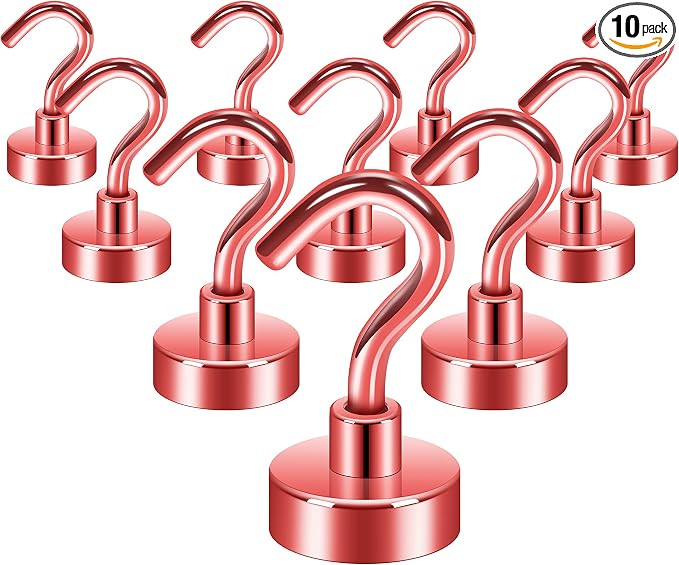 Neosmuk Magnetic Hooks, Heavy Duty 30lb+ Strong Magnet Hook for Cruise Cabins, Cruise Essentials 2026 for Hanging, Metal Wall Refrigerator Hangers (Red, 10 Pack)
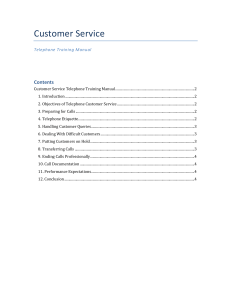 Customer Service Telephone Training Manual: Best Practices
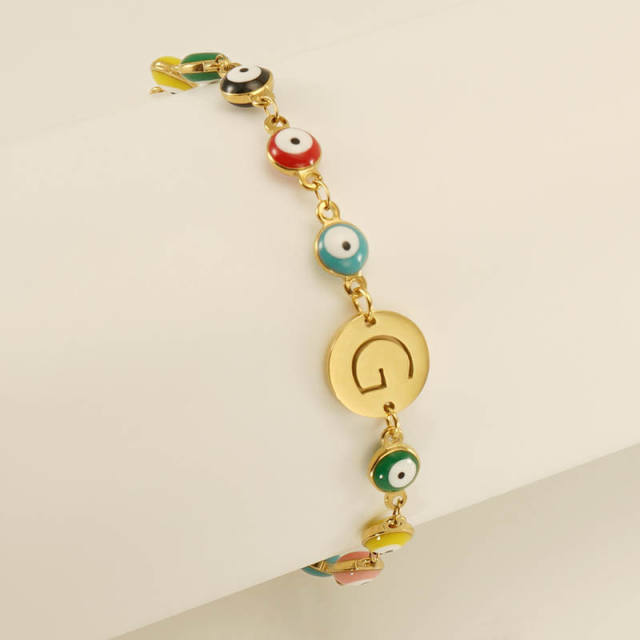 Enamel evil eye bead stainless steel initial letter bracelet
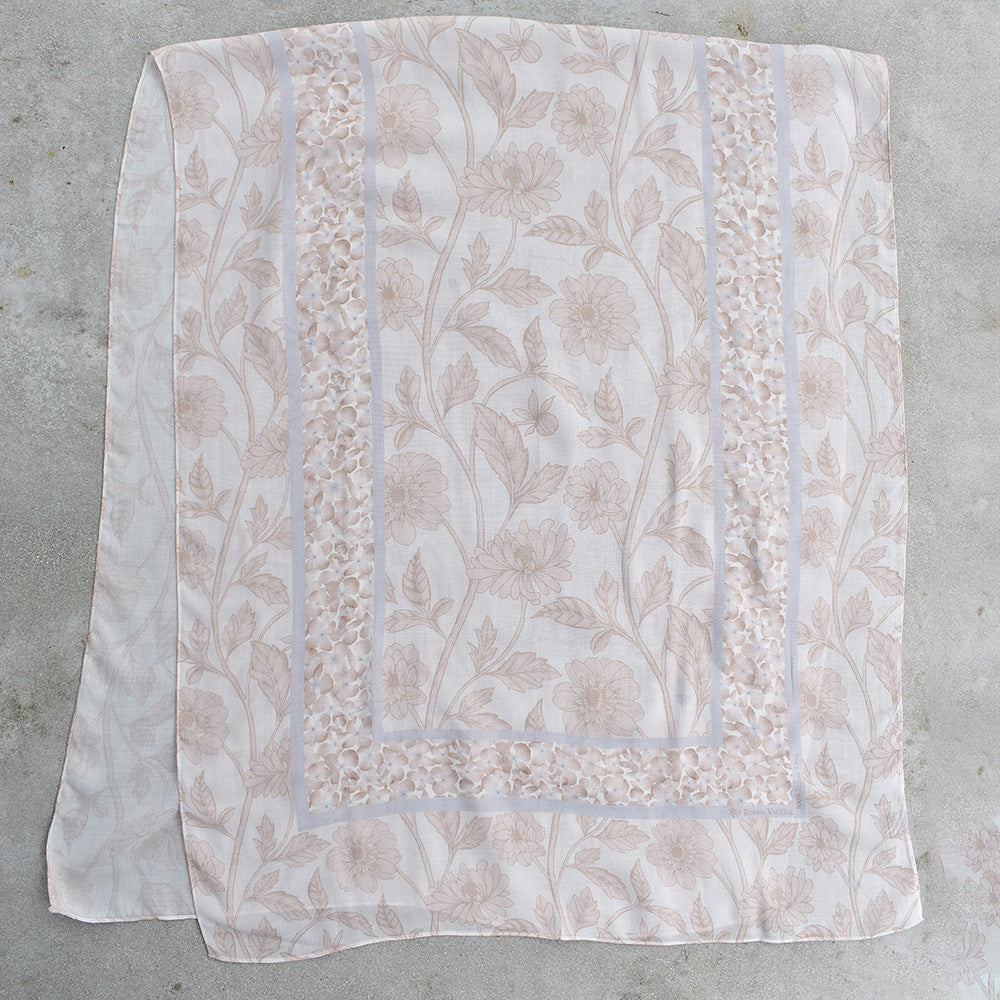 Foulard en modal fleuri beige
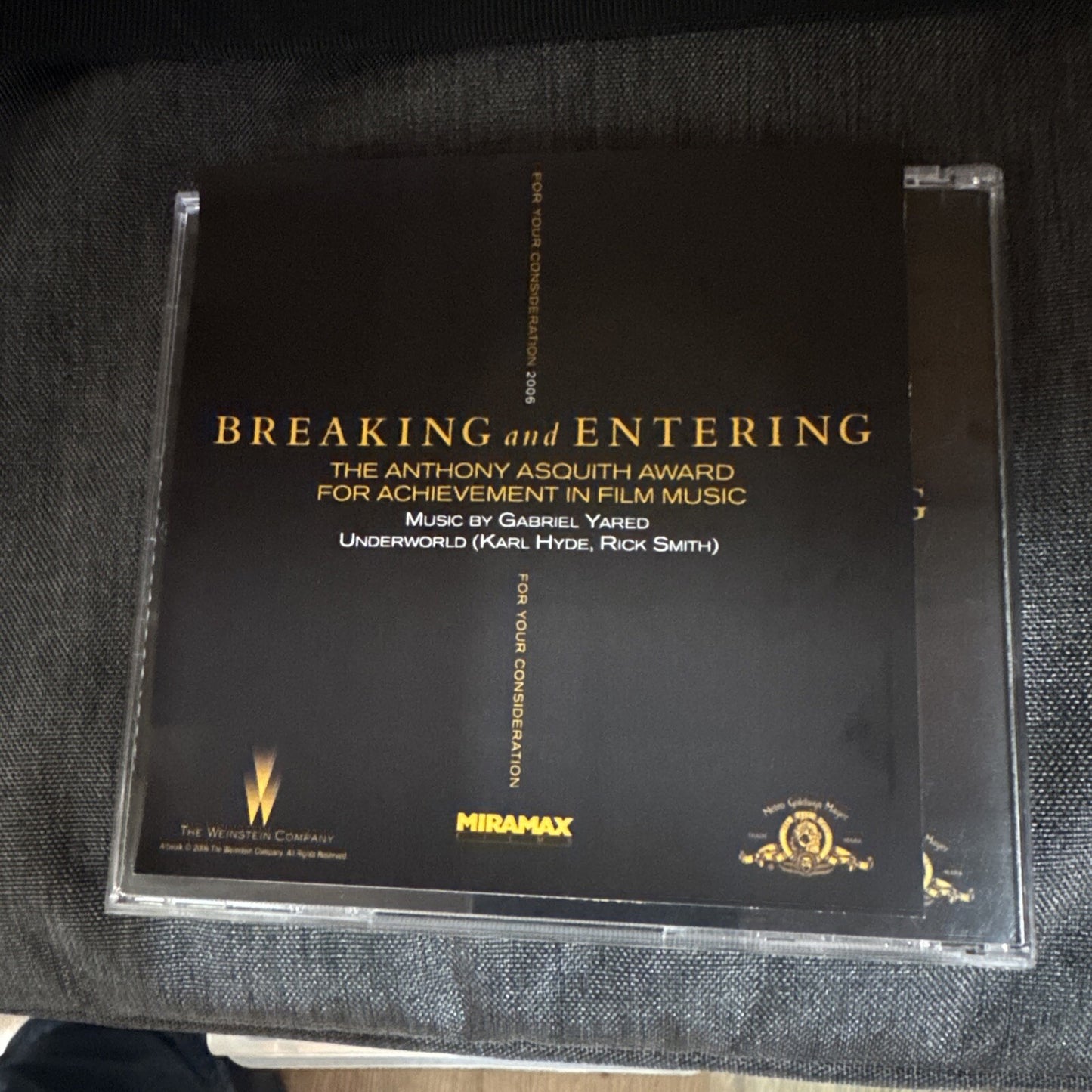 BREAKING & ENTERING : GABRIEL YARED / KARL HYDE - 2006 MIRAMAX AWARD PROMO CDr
──────────────────────────────
* **What you will do**
The copy should hold exactly the lines from the line containing "Customer Service Telephone" through the last line of the records, both included, and no pictures or other lines.

* **Reply to the task**
 Customer Service Telephone Training Manual: Best Practices
 Enamel evil eye bead stainless steel initial letter bracelet
 Foulard en modal fleuri beige
 BREAKING & ENTERING : GABRIEL YARED / KARL HYDE - 2006 MIRAMAX AWARD PROMO CDr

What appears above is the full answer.